Relapse is common among addiction patients. According to the National Institute on Drug Abuse (NIDA), 40 to 60 percent of addicts will relapse after getting clean. The NIDA also states that the chances of a patient remaining abstinent from drugs rises if they have been clean for one to three years. After three years, recovery odds remain high and stable.
Here are four ways to be prepared for or prevent relapse.
Have a support system
Family, friends and community support will all help in the recovery process. Attend community support groups, counselling sessions and continue to build strong foundations in all relationships with loved ones. Before you leave your treatment program, create a recovery plan with your counsellor or doctor, and even ask if you can check in with them regularly or if they have any contacts on the outside.
Know the warning signs
There are various situations that can trigger relapse. Some of these triggers include:
- loss of a loved one
- Major financial changes
- Health problems
- Social pressures
- Deteriorating relationships
- Change of employment
Be aware of your personal triggers as this will allow you to be better prepared and proactive when things get tough.

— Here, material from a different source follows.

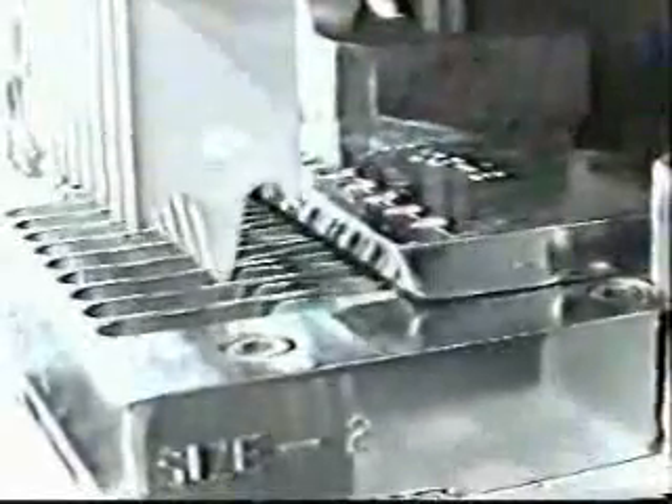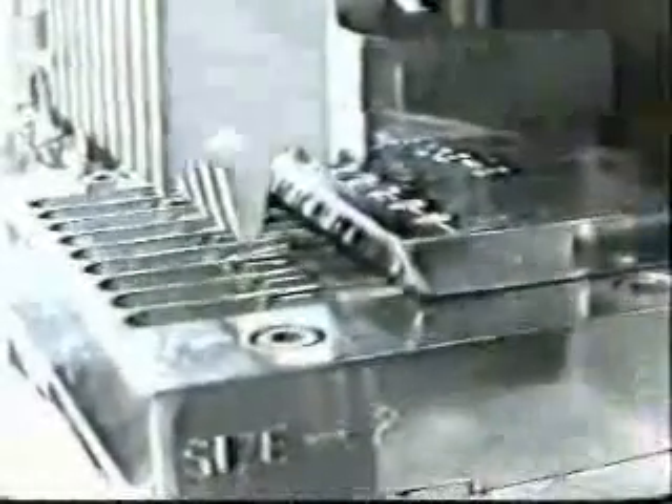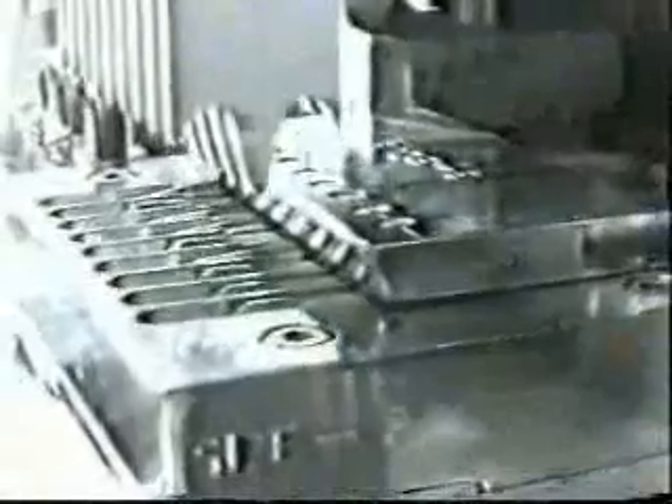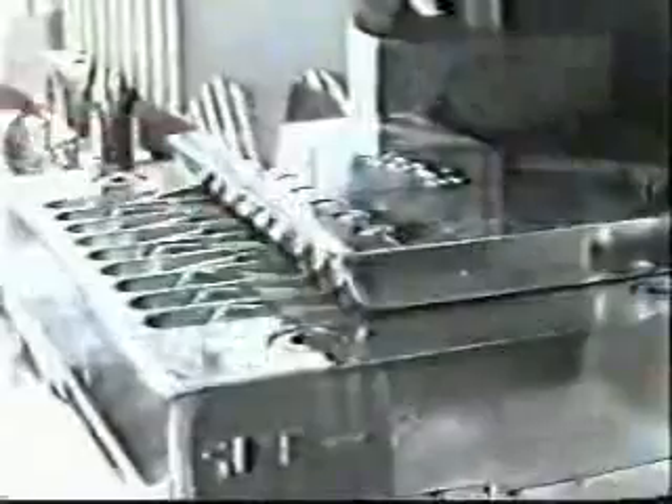One capsule from 8 row is released into the slot of the raceway by means of release fingers. The capsules are then pushed forward to a present position in the raceway by means of an adjustable push plate. The pushing fingers descend, turning each capsule cap up, body down, and load them into the aluminum loading ring assembly.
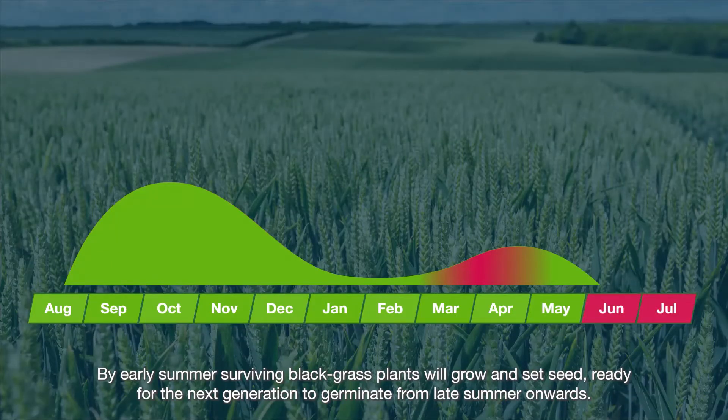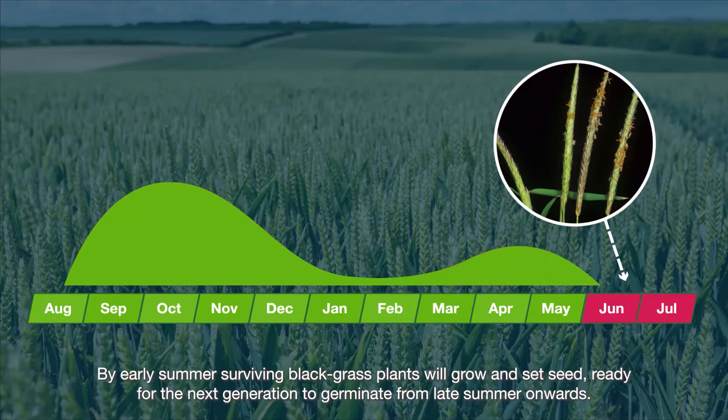By early summer, surviving black grass plants will grow and set seed, ready for the next generation to germinate from late summer onwards.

If you know someone who is recovering from addiction, be on the lookout for the following signs to indicate possible relapse:
- Change in social group
- Sudden change in routine—such as missing work
- Avoiding responsibilities
- Deteriorating hygiene
- Poor sleep and eating patterns
- Obsessing over drugs and alcohol
- Showing signs of obsessive behavior
Create a plan
Create a plan that can be implemented if relapse does occur. This can include something simple, such as calling a family friend or attending a group counselling session if cravings occur. Journaling and exercising can also help to release tensions and steer off relapse.
Believe in yourself
Recovery is a lifelong process and each day there is progress being made. Remember your reasons for recovery and always believe in yourself.